Updated: Some short-term CDs from brokerage firms are also looking attractive right now. I see that Charles Schwab has a 3-month CD yielding 5.25% APY. I don't know the details and haven't looked into it myself, but it may be worth checking out. Their 6-month CD has a 5.26% APY and the 1-year CD has a 5.00% APY. Rates are going to fluctuate wildly over the coming year, but a CD rate is locked in for the term of the CD.
No change: PayPal continues to be a fairly interesting place to store cash for both relatively quick access and a well above average yield. There is no minimum for a PayPal account, no fee for a basic account, and it can be linked to your bank checking account for easy access. Right now I am using PayPal as a savings account, putting a little more money in whenever I get a chance and feel that my budget has some "spare change."
Right now, 28-day T-bills don't feel as attractive for cash that you won't need for a month, since new issues are yielding significantly less than PayPal and Fidelity Cash Reserves.
Please note the disclaimer on Fidelity's web site:
Past performance is no guarantee of future results. Yield will vary.
As always, please note that cash placed in money market mutual funds is subject to the disclaimer that:
An investment in the Fund is not insured or guaranteed by the Federal Insurance Deposit Corporation or any other government agency. Although the Fund seeks to preserve the value of your investment at $1.00 per share, it is possible to lose money by investing in the Fund.
In practice, that is not a problem at all, but it does incline me to spread my money around a bit.

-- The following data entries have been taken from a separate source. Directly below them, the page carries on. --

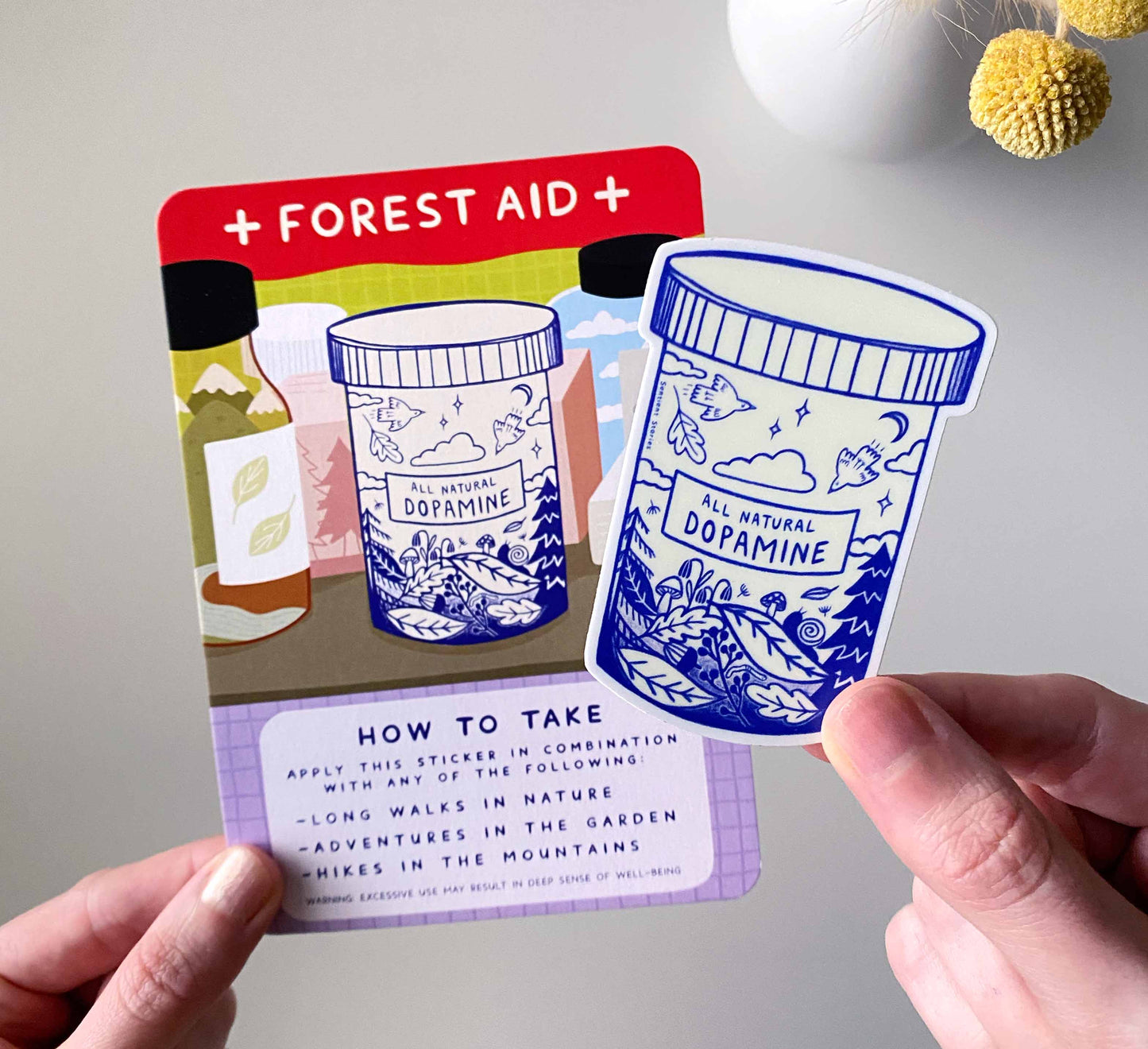 'Forest Aid' Stickerkarte 
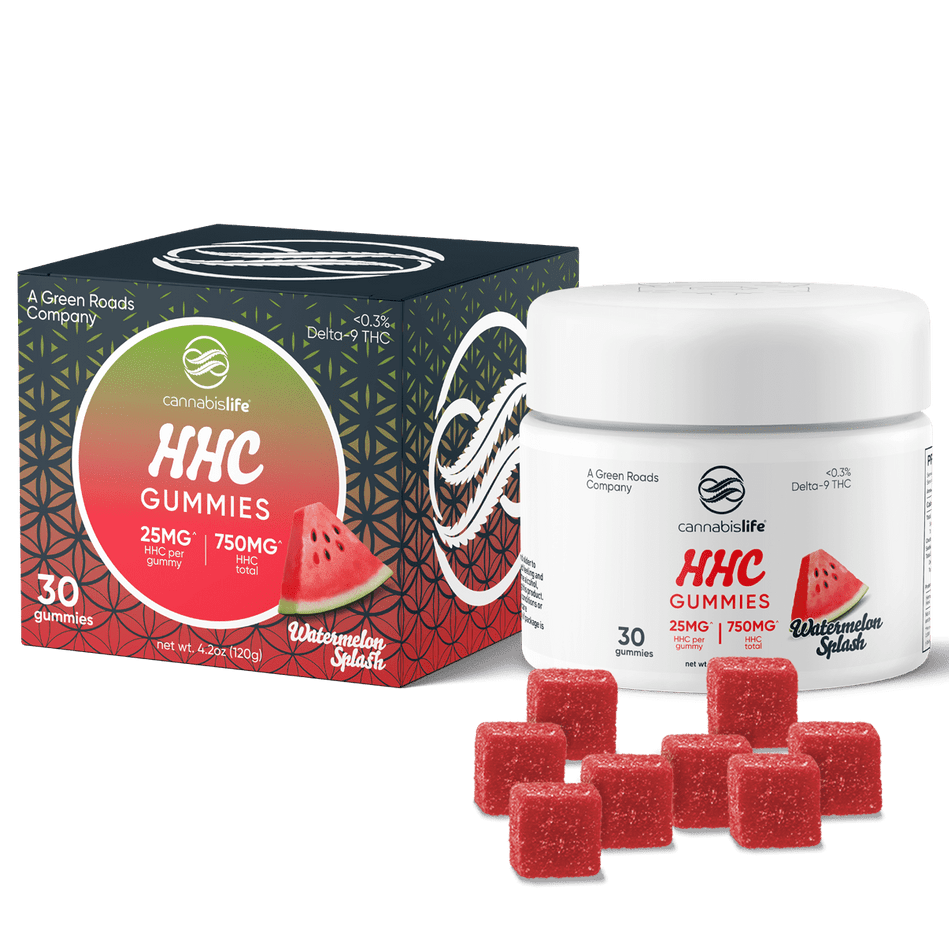 Cannabis Life Watermelon Splash HHC Gummies - (30ct) 750mg Best Sales Price - Gummies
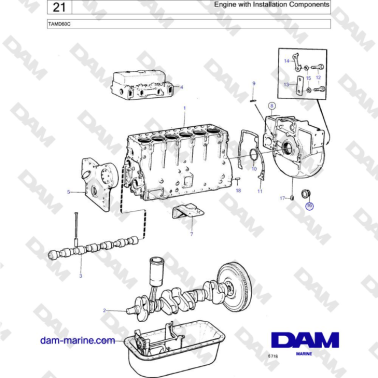 Volvo Penta TAMD60C -...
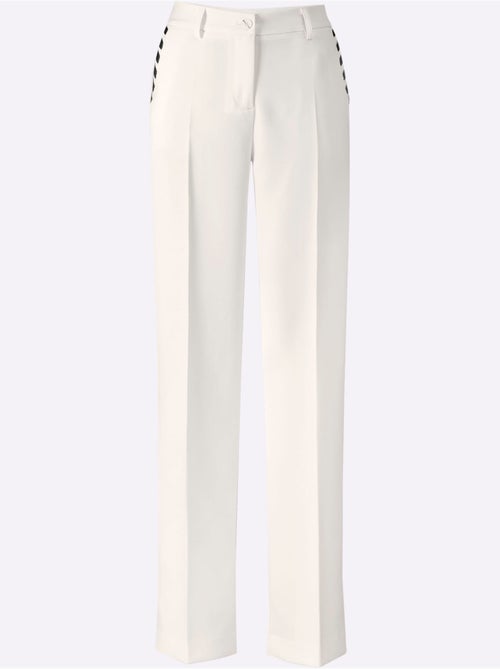 Tailleur Pantalon Joli Aspect Contrasté - Taille Standard - Helline - Kiabi Tailleur Pantalon Joli Aspect Contrasté - Taille Standard - Helline - Kiabi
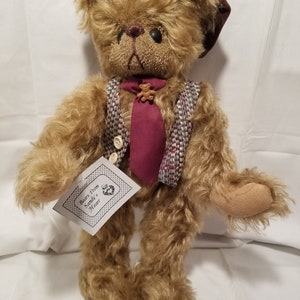 Master Scooter - RARE - Limited Edition Teddy Bear by Sandy Shimel of Bears from Sandy&#39;s Heart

T-bills and the cash in your bank checking account or bank CD are of course "protected", either by "the full faith and credit of the U.S. Treasury" or the FDIC. Please realize that you may not get your full principle back if you attempt to cash out early for Treasury securities since you'll get the price on the open market, which is not guaranteed by the U.S. Treasury. You get your full principle only if your Treasury security is held until maturity.